Debbo essere proprio
irrecuperabile, perché oltretutto non credo nel pentolone di culture
mentre ripongo qualche residua, incerta speranza nella coesistenza di
ciascuna cultura, a patto di rigare dritto. Vale per chi entra e
dovrebbe valere anzitutto per chi nasce, a patto di non vivere in
Italia dove, come noto, tutto funziona alla rovescia. Insomma sono un
porco che non sa cogliere la sublime bellezza della cultura
mendicante, e così mi ostino a scandalizzarmi di certe scenette
contro cui m'infrango. Come oggi, quando sono uscito da casa di mia
madre alle due del pomeriggio.

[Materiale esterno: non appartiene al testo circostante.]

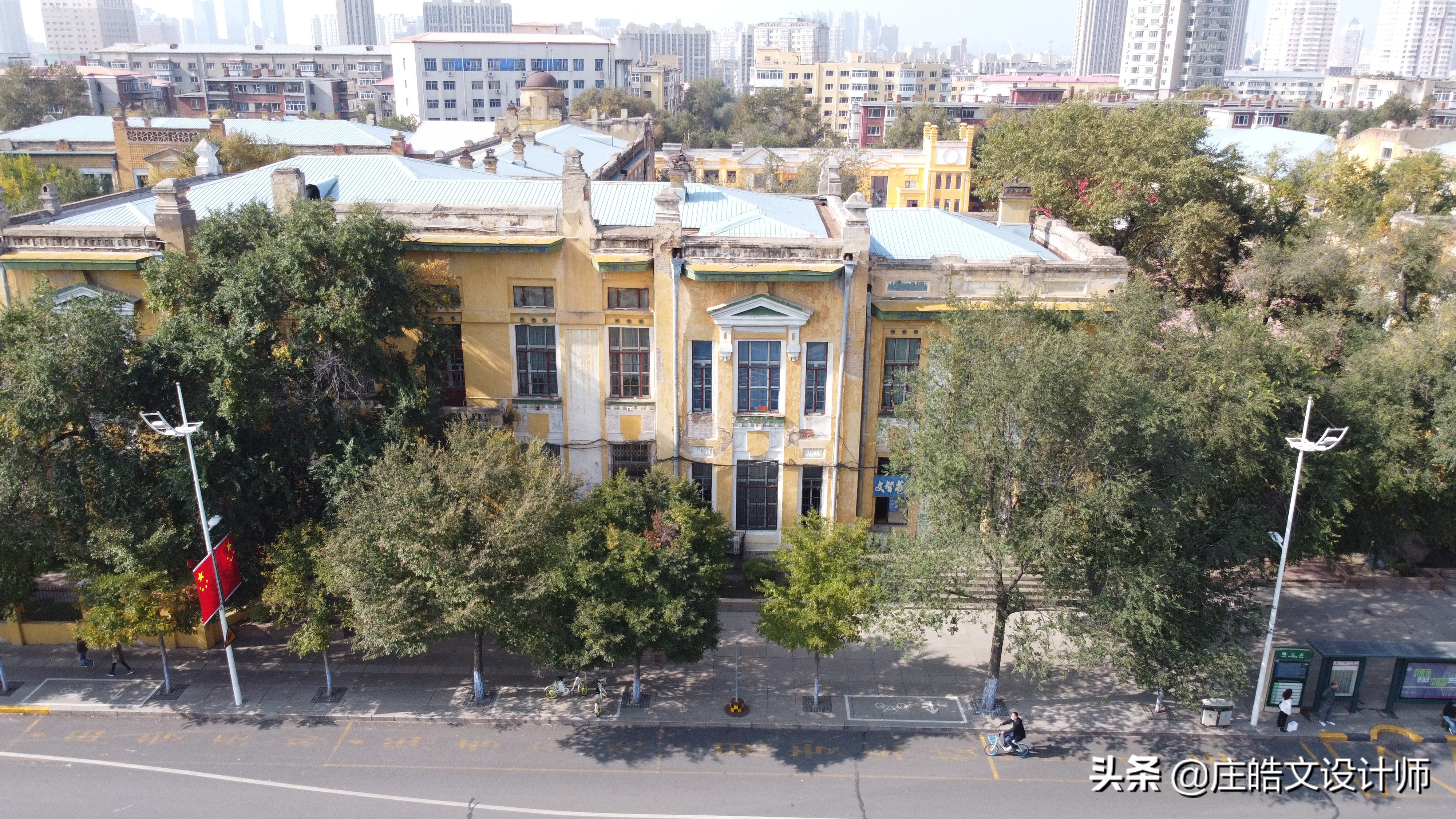 西大直街53号工大附中所在的百年建筑，曾经是哈尔滨第一所大学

C'erano 35 gradi all'ombra, nessuno
per le strade e ad un semaforo un delinquente balcanico che faceva
pulire i vetri delle macchine a un bambino di sei o sette anni.

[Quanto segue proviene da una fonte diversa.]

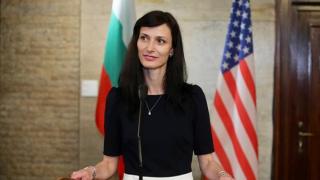 Мария Габриел с гореща информация за отвлечените моряци и чий е Калин Стоянов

Aspettando il verde li guardavo, il piccolo già non si reggeva sulle
gambe. Ho avuto l'istinto di scendere a litigare, poi qualcosa mi ha
frenato, e ho una gran paura che quel qualcosa si chiamasse: viltà.

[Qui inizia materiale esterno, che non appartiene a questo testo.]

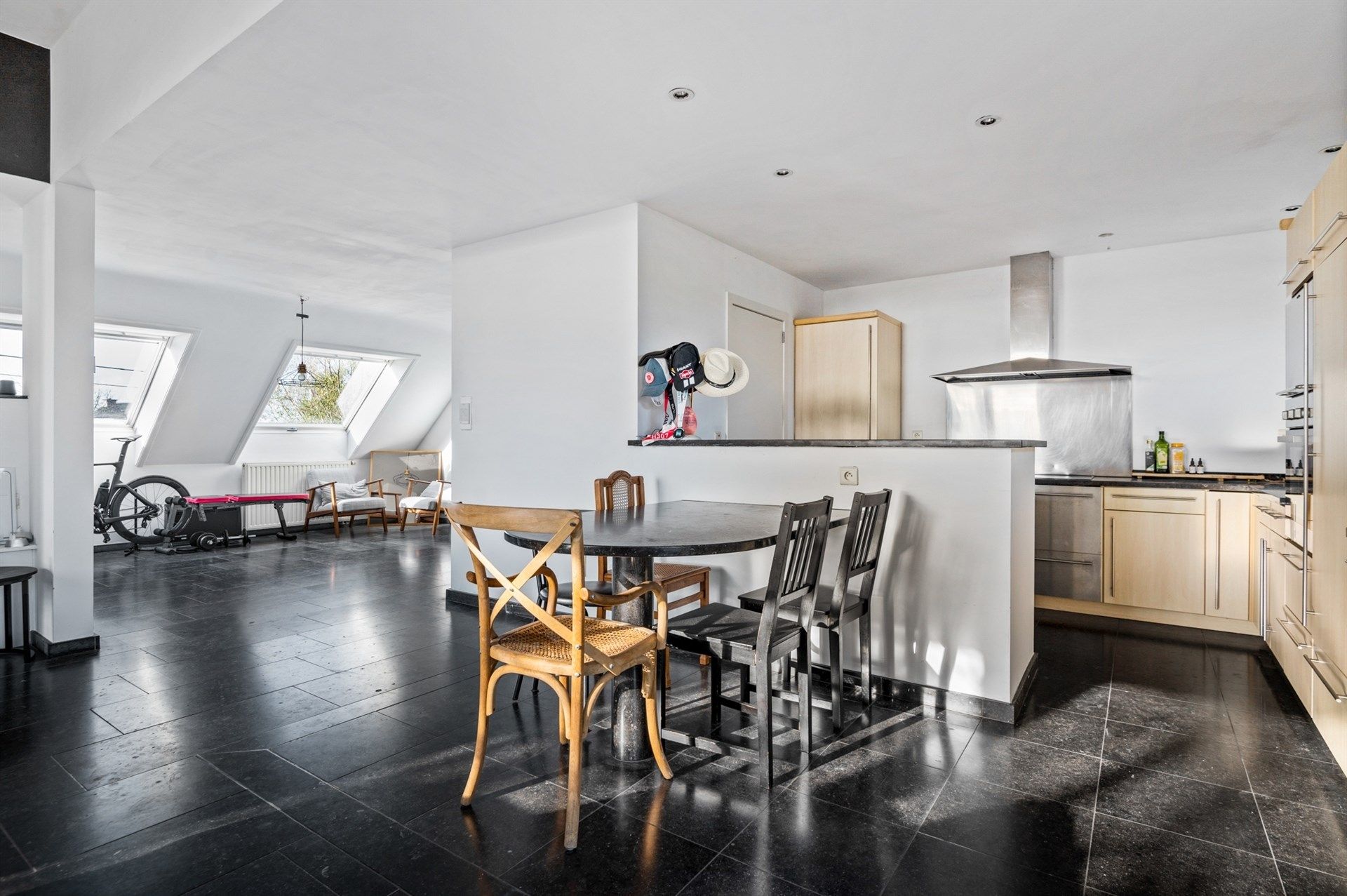 Handelspand met ruim appartement op een toplocatie in Sint-Gillis-Waas foto 14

Di sicuro non avrei ottenuto niente, tranne, forse, una coltellata in
pancia. E non nascondo che l'idea mi ha fatto paura, e forse
recedere. Ma forse, valeva la pena di tentare.
Invece in giro non si
vedeva l'ombra di una divisa, e neanche un qualsiasi disgraziato
disposto se mai a darmi una mano. E io mi sono voltato dall'altra
parte. Ho dato gas senza riuscire a stabilire se sono diventato un
verme, un cinico o soltanto uno che ha imparato a vivere. E sono
stati cinque o sei chilometri lungo i quali non mi sono mai fatto
tanto schifo. Eppure dentro di me qualcosa continuava a ripetermi che
non avrei risolto niente, che se è il mondo intero a tollerare certe
torture, è il caso di dirlo, alla luce del sole, non ero certo io a
poterlo fermare e raddrizzare, e neanche a svuotarlo dai suoi oceani
di nefandezze col cucchiaino. Ma bastava questo a tirare dritto come
avevo fatto io? Una gran confusione in testa, che probabilmente
nascondeva ammissioni più traumatiche. Stavo giusto infilando il
vialetto che porta a casa mia, quando ho subito un rigurgito
d'incazzatura: a cinquanta metri c'è il commissariato di polizia,
dove tra l'altro conoscono più o meno tutti. Ho mollato la Vespa,
sono entrato in tenuta da mare facendomi largo tra i cinesi che
aspettavano i loro permessi, al primo sbirro che ho visto gli ho
detto: ma vi pare possibile?
Han detto che mandavano
subito qualcuno, sono uscito che già li sentivo telefonare. Non lo
so se ho fatto la cosa giusta, come dicono gli americani, la migliore
o se mi sono solo messo a posto la coscienza. So soltanto che non
posso diventare giustiziere a quasi 50 anni: il costume di Batman
tira sulla pancia e io non sono pratico di armi bianche, e oggi se
non le sai usare fai davvero la fine del tonno.
Ma spero almeno che una
macchina azzurra a quel semaforo sia passata davvero, perché quello
scricciolo scuro non ne aveva ancora per molto.